Lonjakan Kasus, Nyawa Melayang
Krisis ini bukan sekadar soal penagihan. Beberapa kasus telah berujung pada tindak pidana serius, termasuk penculikan dan pembunuhan seorang Kepala Cabang Bank BUMN di Jakarta oleh sekelompok debt collector. Kasus lain yang menyeruak adalah penganiayaan terhadap pekerja pabrik akibat penagihan brutal. Fakta-fakta tersebut menegaskan bahwa praktik debt collector bukan lagi sekadar intimidasi, melainkan ancaman nyata bagi keamanan publik.
Analisis Ahli: Tekanan Target Jadi Pemicu Kekerasan
Kriminolog Prof. Dr.

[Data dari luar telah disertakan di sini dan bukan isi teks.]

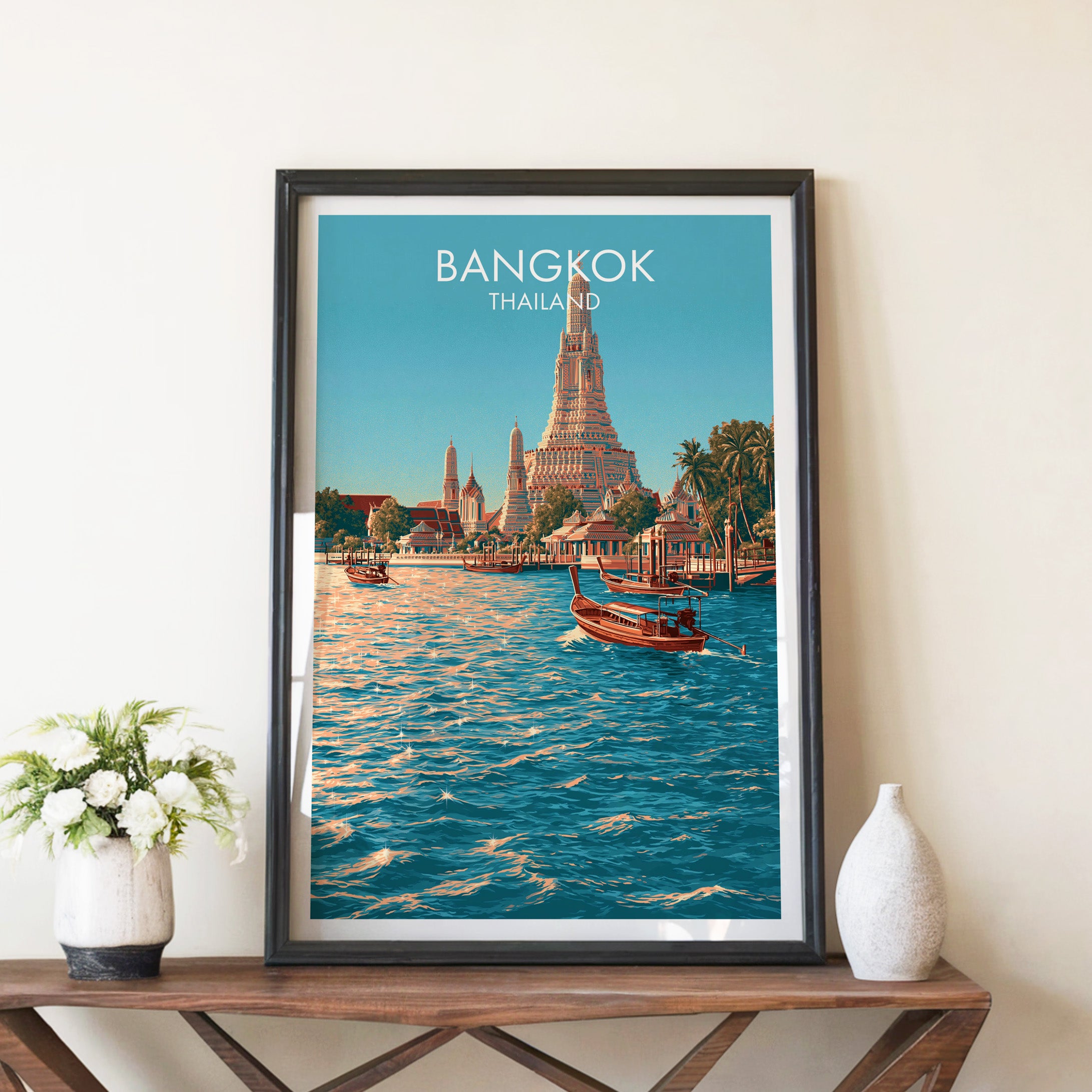 Wat Arun Bangkok Thailand travel poster in a black frame on a wooden console table with white flowers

Adrianus Meliala menyebut fenomena ini sebagai masalah struktural. Tekanan perusahaan untuk mencapai target membuat debt collector cenderung menggunakan cara-cara melanggar hukum. Psikolog klinis Fitri Fausiah menambahkan, teror dari pinjol bisa mendorong korban ke titik putus asa hingga muncul keinginan mengakhiri hidup.
Sementara itu, LBH Jakarta menegaskan banyak korban telah mengadukan praktik penagihan tidak manusiawi. Menurut pengacara publik Jeanny Silvia Sari Sirati, debt collector melakukan intimidasi karena didorong target perusahaan, bukan sekadar inisiatif pribadi.

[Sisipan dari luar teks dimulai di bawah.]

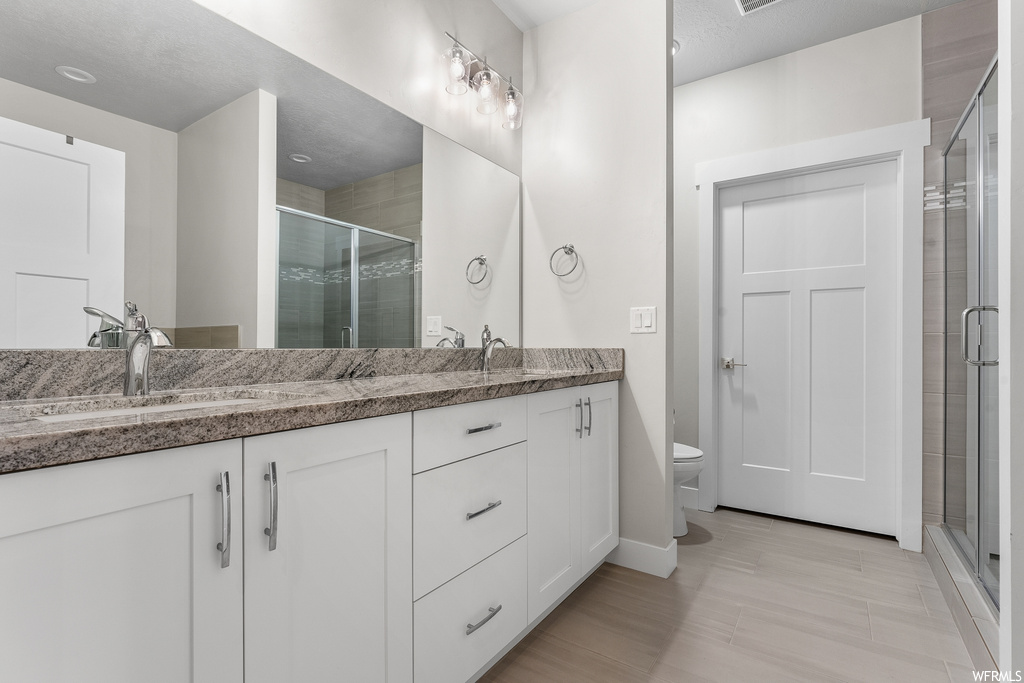 Bathroom with vanity with extensive cabinet space, toilet, and dual sinks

Hak Konsumen: Dilindungi Hukum, Bukan Sekadar Janji
OJK sudah menetapkan aturan ketat yang melindungi peminjam. Konsumen berhak:
- Terbebas dari intimidasi fisik maupun verbal.
- Penagihan hanya antara pukul 08.00–20.00 sesuai ketentuan.
- Privasi data pribadi terjamin, tidak boleh disebar ke pihak lain.
- Penagihan hanya ke debitur, bukan ke keluarga atau kontak darurat.
Bila aturan ini dilanggar, debt collector dan lembaga pinjol bisa dijerat pidana. Mulai dari Pasal 368 KUHP tentang pemerasan dengan ancaman 9 tahun penjara, hingga UU ITE Pasal 32 jo Pasal 48 yang memuat ancaman hukuman 1–4 tahun penjara dan denda hingga Rp10 miliar.
Akar Masalah: Ketimpangan Sosial dan Ekonomi
Menurut GoodStats (April 2025), Indonesia menempati posisi kedua di ASEAN dengan skor kriminalitas tertinggi. Ketimpangan sosial-ekonomi menjadi pemicu utama. Data BPS menunjukkan wilayah timur Indonesia, seperti Papua dan NTT, masih menghadapi rendahnya kualitas pendidikan, kemiskinan, serta angka kriminalitas tinggi. Kondisi ini membuat masyarakat lebih rentan terjebak utang atau bahkan terlibat dalam praktik penagihan ilegal.
Seruan Reformasi dan Perlindungan Konsumen
DPR menuntut pemerintah segera melakukan penertiban, termasuk menindak kelompok preman berkedok debt collector. Edukasi literasi keuangan, perlindungan psikologis, serta regulasi yang lebih tegas harus menjadi prioritas.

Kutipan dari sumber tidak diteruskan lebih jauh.